The last five years show a significant emphasis on indigenisation with maximum acquisitions having been accorded in the 'buy-Indian' and the 'buy & make-Indian' category. In fact, 73 per cent of the contracts in the recent past have been signed with Indian companies. In terms of value, 55 per cent of the Army's modernisation budget has been spent on the indigenous industry. In the last two years 'buy Indian', 'buy & make Indian' and ‘ make Indian' schemes have risen from 73 per cent to 87 per cent of the total capital procurement schemes.
There was a time when there were few takers among the educated middle class for a career in the military. Do you think the situation has changed? What are your expectations from the Pay Commission?
I definitely see the situation to have changed. The Army is becoming an attractive career. The recommendations of 7th Pay Commission towards short service commission, once approved by the government, would make it more attractive.

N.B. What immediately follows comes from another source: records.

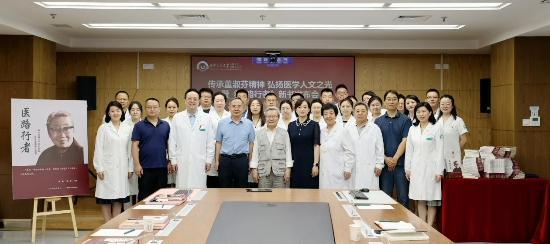 球速体育Welcome:西安交大口腔医院举办“传承董淑芬精神弘扬医学人文之光”专题研讨会(图13)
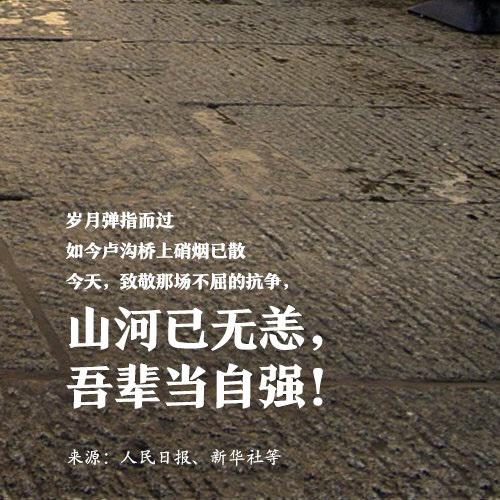 吾輩自強(qiáng)，銘記歷史！
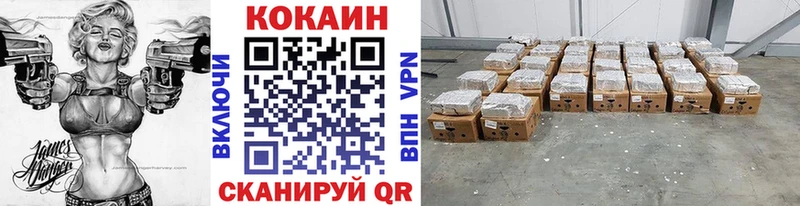 кракен маркетплейс  Тимашёвск  COCAIN Columbia  хочу  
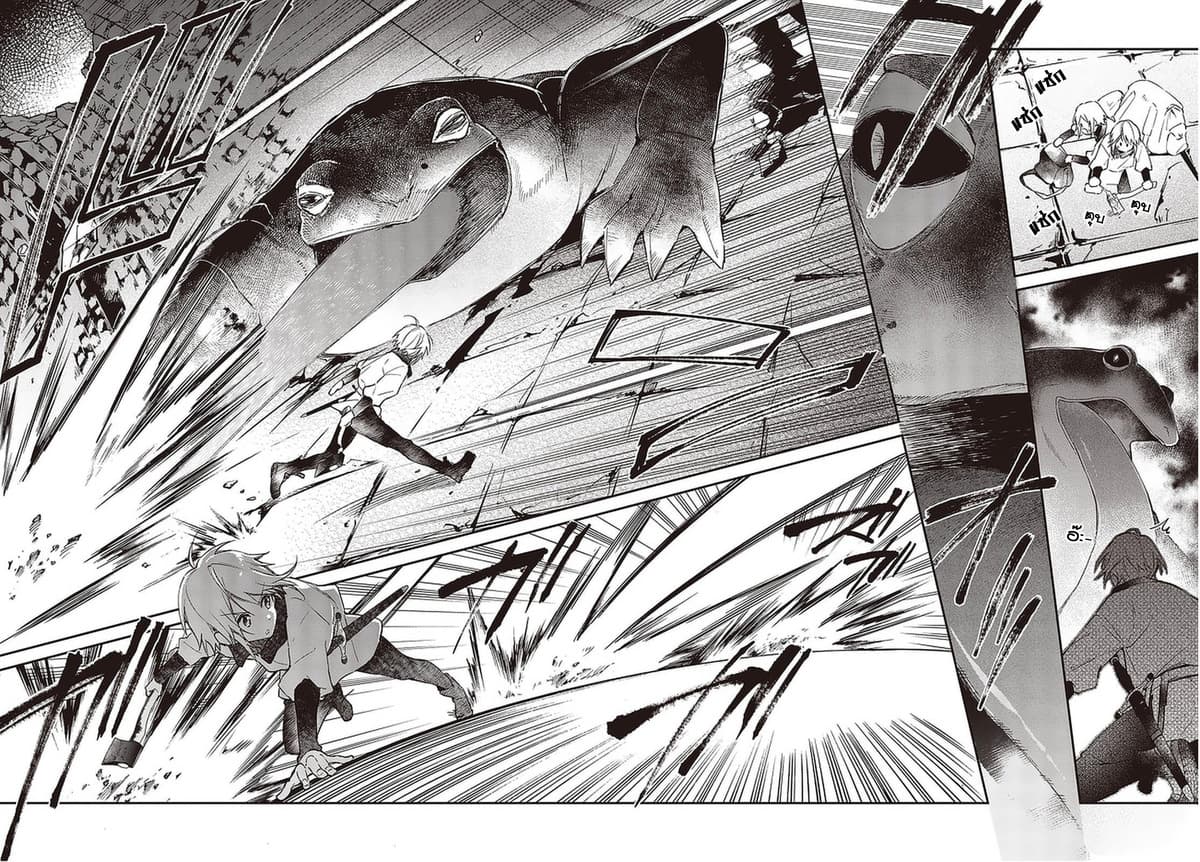 Realist Maou Niyoru Seiiki Naki Isekai Kaikaku จอมมารผู้รู้แจ้งกู้โลก page 22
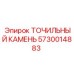 5730014883 ТОЧИЛЬНЫЙ КАМЕНЬ Epiroc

The 7th CPC had submitted the report to the government on November 19. There are a few recommendations like grant of training allowance, simplification in procedure for claiming allowances, grant of extra work allowance, removal of conditionality of authorised married establishment [AME] for claiming HRA, etc, which are undoubtedly beneficial, particularly for the junior commissioned officers and other ranks. The overall pay hike recommended is in the range of 15 per cent to 17 per cent.
However, there are a few recommendations which are not considered satisfactory by the services and have been taken up with the raksha mantri. Foremost is the non-resolution of core anomalies of the 6th CPC, which has further accentuated the disparity created during the 6th CPC. Besides this, faulty pay matrix for defence forces leading to salary stagnation in many ranks, disparity in risk and hardship allowances and non-conducive formula for calculation of pensions are a few other concerns. We are sanguine that their concerns shall be positively addressed by the government.

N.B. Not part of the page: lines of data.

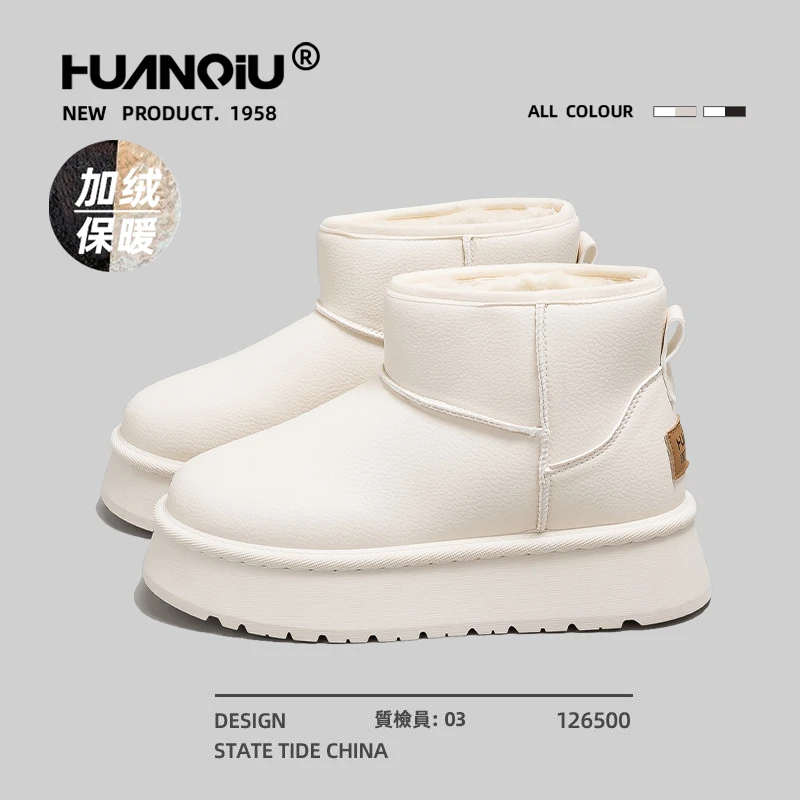 环球高颜值加绒加厚百搭雪地靴女2025冬爆款新款潮流时尚棉鞋K998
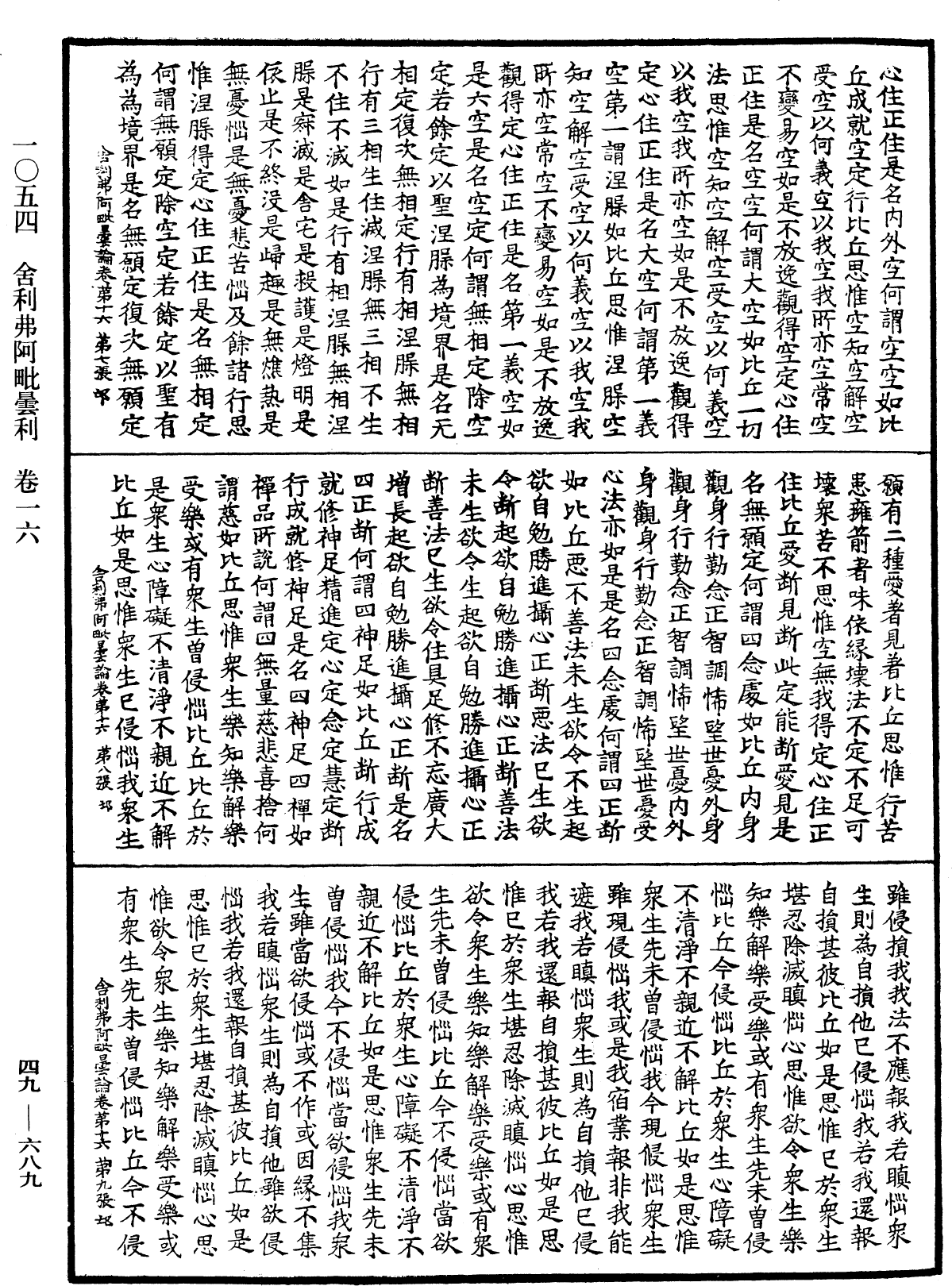 舍利弗阿毗曇論《中華大藏經》_第49冊_第0689頁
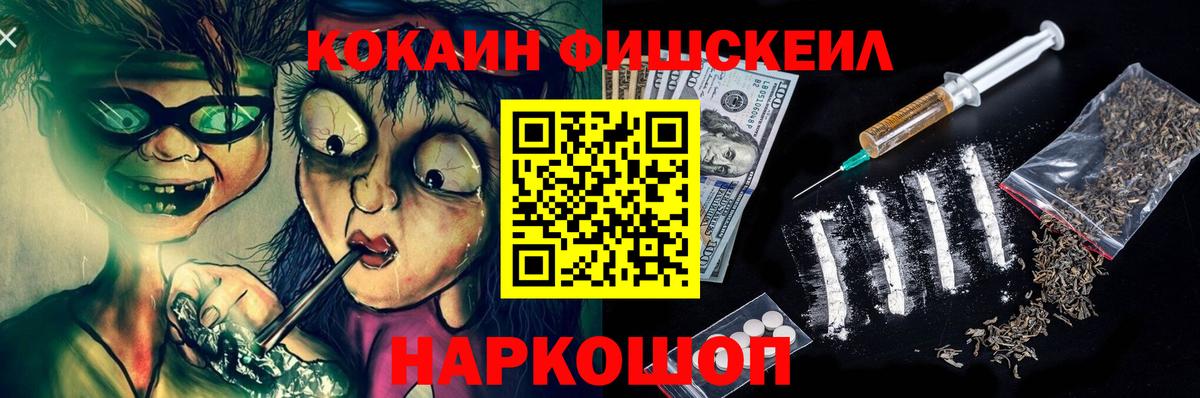 Кокаин  COCAIN FishScale  COCAIN 97%  Вход с VPN  Раменское 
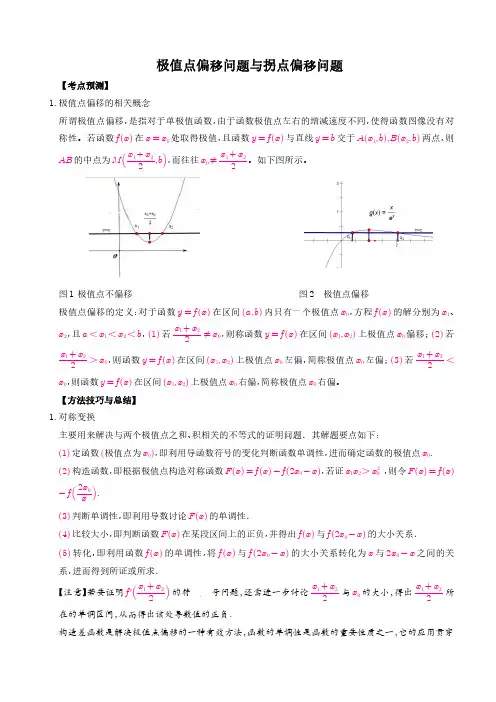 高考数学：极值点偏移问题与拐点偏移问题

What is the Army doing to improve its tooth-to-tail ratio as has been asked by the government?
I must tell you, this aspect, increasing tooth-to-tail ratio, has been our objective for nearly two decades. We have made significant achievements by enhancing our operational capabilities in multiple domains by optimising on existing manpower; dual tasking; and outsourcing initiatives wherever feasible. A quick back-of-envelope calculation would indicate that while there have been induction of many military platforms, weapons, equipment and systems, most of these have been absorbed without corresponding manpower accretions.
One must, however, appreciate that the necessity of 'boots on ground' in our security context limits our options for any further major reduction of manpower.

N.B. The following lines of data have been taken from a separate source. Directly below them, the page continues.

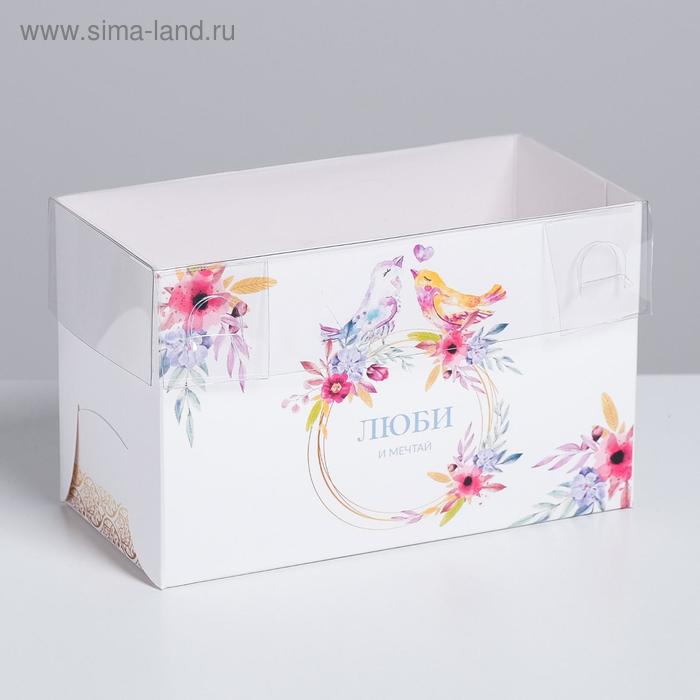 Коробка на 2 капкейка, кондитерская упаковка «Люби и мечтай», 16 х 8 х 10 см
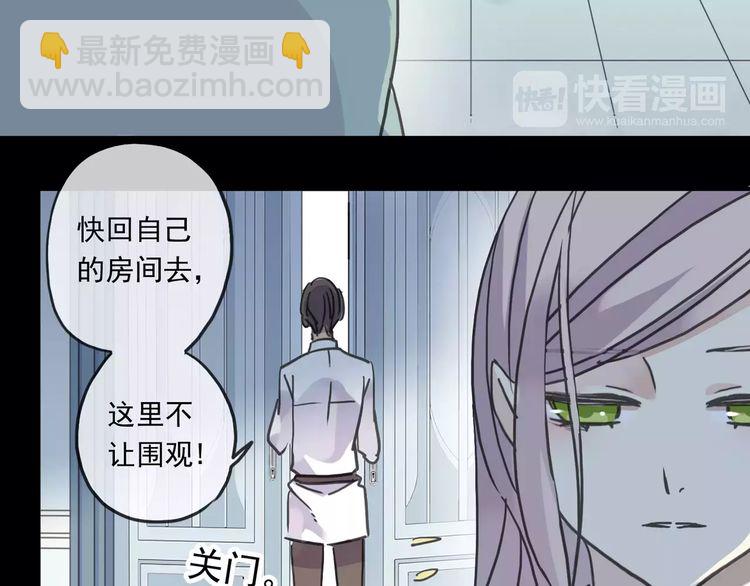 第43话 越爱就越恨…9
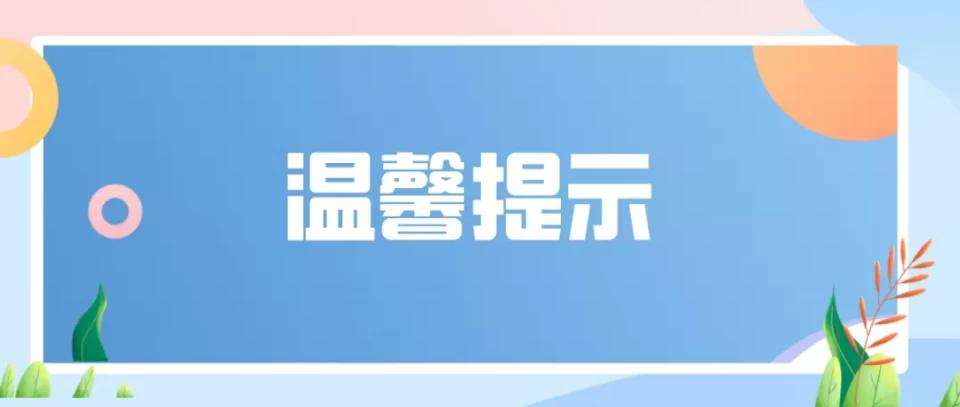 【資訊】2021個(gè)稅綜合所得年度匯算已開(kāi)始！這份匯算攻略請(qǐng)收好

The IAF has opened its combat wings for women. When will the Army see lady combatants fighting in counter-insurgency and counter-terrorism operations?
The Army believes in providing equal opportunities to all officers irrespective of their gender. However, enhancing scope of employment of women officers will have to be a phased and regulated process. At present permanent commission is being granted to women officers in AMC [Army Medical Corps] and MNS [Military Nursing Service] and the same has also been extended to AEC [Army Engineering Corps] and JAG [Judge Advocate-General]. As a next step, we are looking to grant permanent commission to women officers in eight other technical services and combat support arms with modified terms and conditions of service. A proposal to this effect is already under consideration of the government.
Induction of women officers in combat arms may be considered a subsequent step based on experiences gained during their absorption in combat support arms, operational requirements, state of infrastructure in forward areas and prevailing operational conditions along disputed borders and volatile insurgency-prone areas.